Perth-based Patersons Securities Ltd has agreed to a two-year review process of its compliance procedures under an enforceable undertaking to the Australian Securities and Investments Commission, after an investigation into the firm's Canberra operations.
The review, to be conducted by KPMG, will look into trading accounts, advice provision, risk management procedures, supervision of options trading and training, among other facets of Patersons' business, to see how well it adheres to compliance procedures and compliance documentation.
After the first six months, KPMG will supply Patersons a report outlining any deficiencies in the firm, which Patersons will address in a remedial action plan submitted to ASIC.
After this, Patersons will hire an independent compliance expert to further investigate it, and act upon any deficiencies found, and will repeat the process later the next year.
Patersons was forced into action after ASIC commenced an investigation into the conduct of employees in its Canberra office from October 2004 to November 2005.
The full text of an announcement from ASIC is pasted below
The Australian Securities and Investments Commission today accepted an enforceable undertaking from Patersons Securities Ltd to conduct a comprehensive review of its compliance procedures.
The undertaking follows an investigation commenced by ASIC into the conduct of employees in the Canberra office of Patersons in relation to trading on behalf of clients of Patersons. ASIC's investigation into this conduct is continuing.
ASIC is concerned that Mr Eric Hawley and Mr Scott McAlister, while they were advisers initially with Ord Minnett Securities (Ord Minnett), and from late 2004/early 2005 with Patersons, may have operated discretionary accounts without appropriate authority.
ASIC is also concerned Messrs Hawley and McAlister may have entered into risky derivatives positions on behalf of clients which were inappropriate for their circumstances and without adequately advising their clients of the risks.

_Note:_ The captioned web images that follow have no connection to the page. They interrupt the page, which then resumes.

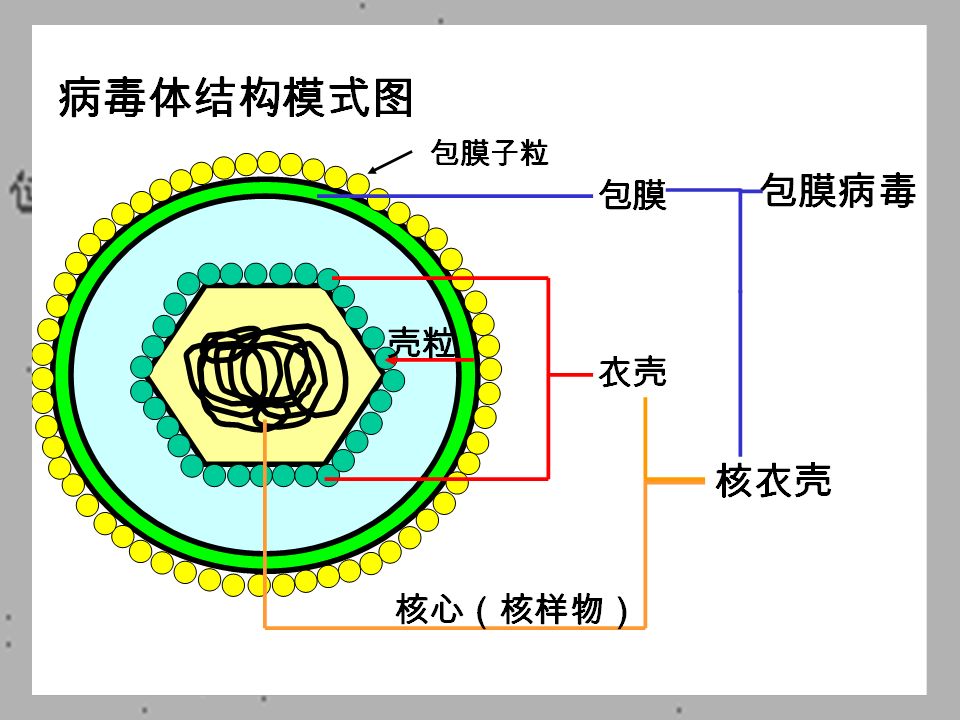 二、病毒的结构和化学组成 （一）病毒的结构 基本结构： 核心 + 衣壳 = 核衣壳 (necleocapsid) 有的病毒其外有包膜。其上有包膜子粒 或刺突（包膜病毒）。 无包膜的病毒体称裸露病毒。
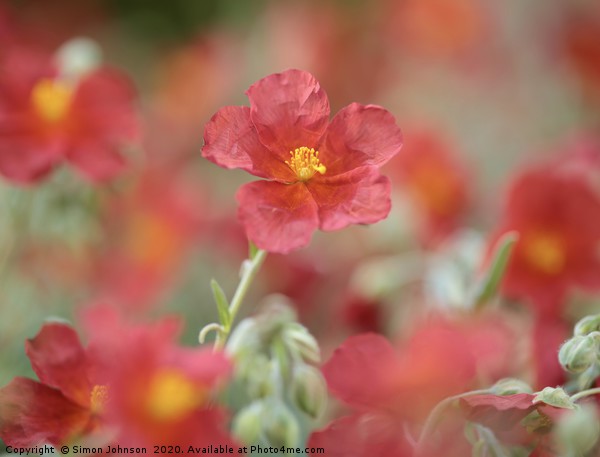 Helianthemum ( Red Dagon) alpine plant Picture Board by Simon Johnson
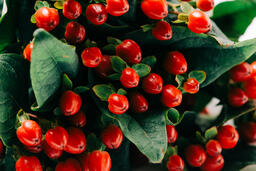 Red Berries  image 1
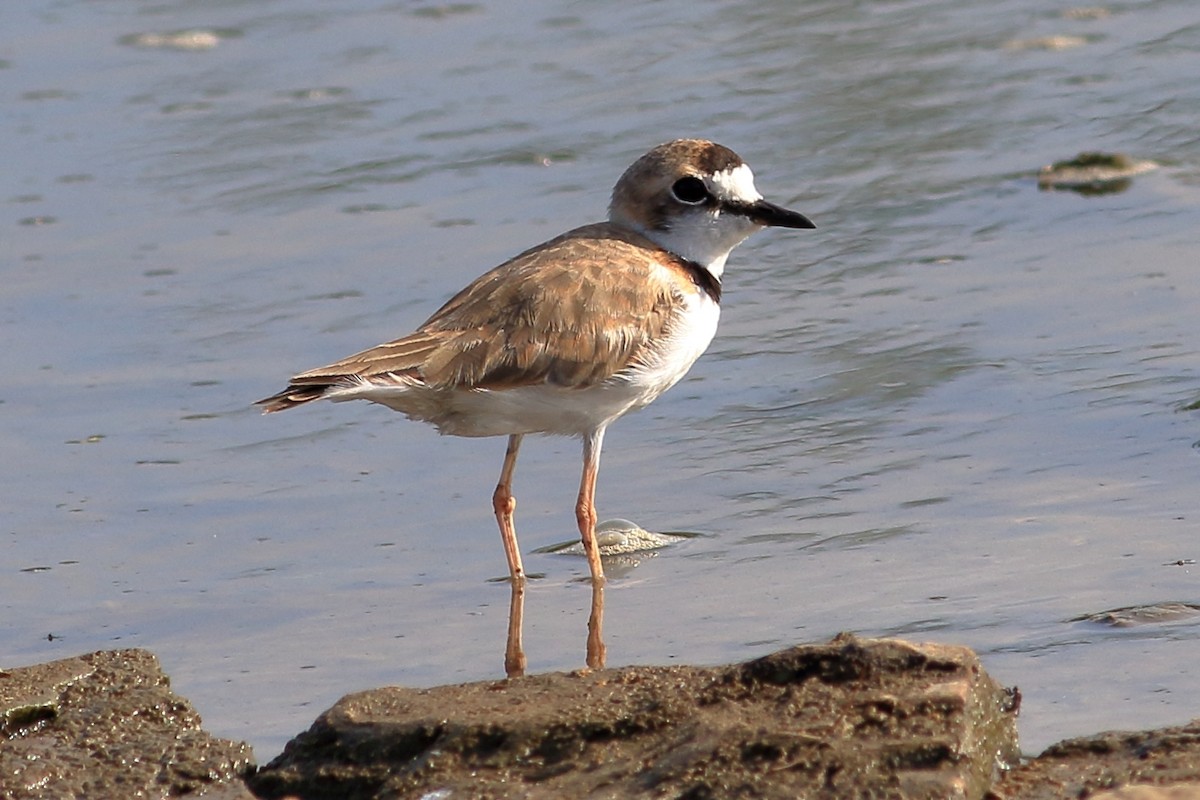 Collared Plover - ML255183051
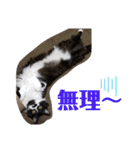 わがやの保護猫と犬のスタンプ3（個別スタンプ：27）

Further, ASIC's investigation raised concerns about the adequate supervision of Mr Hawley and Mr McAlister while at Ord Minnett and Patersons.
ASIC was concerned that Patersons had inadequate systems and procedures in place relating to the:
- monitoring and supervision of the provision of advice to clients in its Canberra office;
- monitoring and supervision of the provision of financial services in its Canberra office;
- monitoring and supervision of the management of discretionary and non-discretionary client accounts;
- monitoring and supervision of the trading conducted by staff in its Canberra office;
- induction and training of staff in its Canberra office;
- transfer of clients and open derivatives positions from Ord Minnett to Patersons; and
- record keeping obligations in respect of the provision of advice and the execution of transactions in its Canberra office.
As a result of these concerns, Patersons has agreed to enter into the undertaking to have its compliance procedures reviewed by an external consultant over a two-year period and for any deficiencies to be rectified over this period.
ASIC has acknowledged that this matter has come to its attention following a notification by Patersons and that Patersons has co-operated with ASIC during its investigation.
'There are considerable risks when operating managed discretionary accounts. Financial services licensees must have comprehensive arrangements in place to manage these risks', ASIC's Executive Director of Enforcement, Ms Jan Redfern said.
ASIC is in ongoing discussions with Ord Minnett regarding its compliance procedures and will consider conducting a detailed review of Ord Minnett's procedures.
ASIC is also in ongoing discussions with Patersons and Ord Minnett to ensure that all clients who have suffered as a result of any misconduct by their advisers receive adequate compensation.
ASIC has obtained orders in the Federal Court of Australia against Mr Hawley requiring him to deliver his passport to his solicitor and restraining him from taking or sending assets out of Australia.